I pointed out in a previous post that recalcitrant Singapore teen Amos Yee appears to enjoy Maurice Sendak’s 1963 classic, Where the Wild Things Are:
The plot is very simple. Via wikipedia:
This story of only 338 words focuses on a young boy named Max who, after dressing in his wolf costume, wreaks such havoc through his household that he is sent to bed without his supper. Max’s bedroom undergoes a mysterious transformation into a jungle environment, and he winds up sailing to an island inhabited by malicious beasts known as the “Wild Things.” After successfully intimidating the creatures, Max is hailed as the king of the Wild Things and enjoys a playful romp with his subjects; however, he decides to return home, to the Wild Things’ dismay. After arriving in his bedroom, Max discovers a hot supper waiting for him.
Why was it such a hit?
According to Sendak, at first the book was banned in libraries and received negative reviews. It took about two years for librarians and teachers to realize that children were flocking to the book, checking it out over and over again, and for critics to relax their views.

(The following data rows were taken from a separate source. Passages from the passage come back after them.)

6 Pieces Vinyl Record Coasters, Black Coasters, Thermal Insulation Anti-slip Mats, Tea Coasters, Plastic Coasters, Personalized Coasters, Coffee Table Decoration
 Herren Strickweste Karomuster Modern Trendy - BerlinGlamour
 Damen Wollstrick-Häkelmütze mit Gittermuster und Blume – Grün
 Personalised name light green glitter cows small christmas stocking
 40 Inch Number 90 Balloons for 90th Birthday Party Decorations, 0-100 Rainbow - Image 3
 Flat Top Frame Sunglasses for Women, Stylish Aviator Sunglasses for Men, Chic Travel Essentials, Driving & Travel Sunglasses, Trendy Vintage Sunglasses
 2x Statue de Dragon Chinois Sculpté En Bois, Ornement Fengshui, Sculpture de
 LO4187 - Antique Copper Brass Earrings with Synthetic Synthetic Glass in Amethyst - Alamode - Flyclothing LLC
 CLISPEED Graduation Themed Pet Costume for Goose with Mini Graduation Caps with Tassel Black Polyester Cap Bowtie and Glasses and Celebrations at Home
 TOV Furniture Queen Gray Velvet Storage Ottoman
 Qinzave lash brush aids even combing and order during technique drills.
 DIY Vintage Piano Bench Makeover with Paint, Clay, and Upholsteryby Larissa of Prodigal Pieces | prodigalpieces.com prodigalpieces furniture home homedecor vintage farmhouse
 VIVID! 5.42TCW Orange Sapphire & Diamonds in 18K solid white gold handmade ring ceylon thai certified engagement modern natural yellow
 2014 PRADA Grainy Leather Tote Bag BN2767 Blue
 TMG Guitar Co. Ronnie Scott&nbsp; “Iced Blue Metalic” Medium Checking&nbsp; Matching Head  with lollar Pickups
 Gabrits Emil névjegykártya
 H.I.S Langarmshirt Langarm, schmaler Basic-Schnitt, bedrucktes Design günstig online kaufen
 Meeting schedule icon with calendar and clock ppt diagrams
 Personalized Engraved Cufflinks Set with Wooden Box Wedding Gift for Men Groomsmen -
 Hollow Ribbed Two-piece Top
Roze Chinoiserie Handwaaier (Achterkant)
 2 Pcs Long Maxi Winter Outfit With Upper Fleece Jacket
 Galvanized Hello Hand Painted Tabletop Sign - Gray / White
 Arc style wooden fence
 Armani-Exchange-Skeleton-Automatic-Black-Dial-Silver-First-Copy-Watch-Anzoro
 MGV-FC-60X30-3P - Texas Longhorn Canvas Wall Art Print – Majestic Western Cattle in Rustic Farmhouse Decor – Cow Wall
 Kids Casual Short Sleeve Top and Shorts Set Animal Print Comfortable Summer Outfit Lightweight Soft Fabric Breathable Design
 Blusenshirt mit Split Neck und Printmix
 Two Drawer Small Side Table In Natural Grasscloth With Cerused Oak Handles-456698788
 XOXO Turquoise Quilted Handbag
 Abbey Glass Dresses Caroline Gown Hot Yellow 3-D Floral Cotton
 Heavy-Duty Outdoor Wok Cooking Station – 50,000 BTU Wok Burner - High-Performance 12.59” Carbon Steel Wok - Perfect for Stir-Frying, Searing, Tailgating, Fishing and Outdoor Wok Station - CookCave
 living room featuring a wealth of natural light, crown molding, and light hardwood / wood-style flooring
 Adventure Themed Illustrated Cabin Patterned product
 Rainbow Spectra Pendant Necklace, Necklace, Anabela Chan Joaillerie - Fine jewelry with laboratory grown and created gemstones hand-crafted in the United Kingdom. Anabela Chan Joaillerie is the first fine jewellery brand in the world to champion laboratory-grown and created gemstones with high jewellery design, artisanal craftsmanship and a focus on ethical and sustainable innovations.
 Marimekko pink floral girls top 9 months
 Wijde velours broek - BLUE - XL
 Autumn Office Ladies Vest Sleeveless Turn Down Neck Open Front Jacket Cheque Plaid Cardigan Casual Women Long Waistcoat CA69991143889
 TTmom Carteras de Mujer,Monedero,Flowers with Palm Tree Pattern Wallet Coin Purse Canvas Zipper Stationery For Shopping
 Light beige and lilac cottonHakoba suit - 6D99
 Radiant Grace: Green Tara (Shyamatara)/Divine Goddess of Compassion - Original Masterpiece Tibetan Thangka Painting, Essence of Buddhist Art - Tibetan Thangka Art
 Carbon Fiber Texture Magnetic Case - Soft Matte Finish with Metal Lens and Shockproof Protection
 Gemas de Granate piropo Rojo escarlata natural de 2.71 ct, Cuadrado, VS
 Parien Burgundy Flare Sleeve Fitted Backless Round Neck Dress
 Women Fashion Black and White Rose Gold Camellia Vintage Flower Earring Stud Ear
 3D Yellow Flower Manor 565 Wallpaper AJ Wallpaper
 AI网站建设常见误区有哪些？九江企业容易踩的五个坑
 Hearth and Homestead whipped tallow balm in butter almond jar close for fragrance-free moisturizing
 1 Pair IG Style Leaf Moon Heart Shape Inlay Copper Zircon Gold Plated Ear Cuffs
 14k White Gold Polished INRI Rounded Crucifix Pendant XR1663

Since then, it has received high critical acclaim. Francis Spufford suggests that the book is “one of the very few picture books to make an entirely deliberate and beautiful use of the psychoanalytic story of anger”.
Amos just updated his blog with a post on alleged physical and mental abuse from his father. Can you join the dots between the Wild Things, Amos’ behaviour and the alleged abuses he claimed to have suffered?
He ended the post egging his parents to get a divorce. If that’s not crying for help, I don’t know what is.
When I read that Vincent Law, 51, a family and youth counsellor had posted bail for Amos Yee when his own parents refused to do so; I felt relief that someone was foolhardy enough to have blind faith in a complete stranger, just for the altruistic reason that he wanted to help. I know I can’t be that bigger person like Law, but I am glad he stepped forward.
It looks like Law may be losing his bail money though. By posting on his blog, Amos may have broken his bail terms whereby he is “not to post, upload, or otherwise distribute any comment or content, whether directly or indirectly, to any social media or online service or website, while the current case is ongoing”. He just posted two new posts on his blog.
Someone needs to curb that crazy Wild Things in Amos.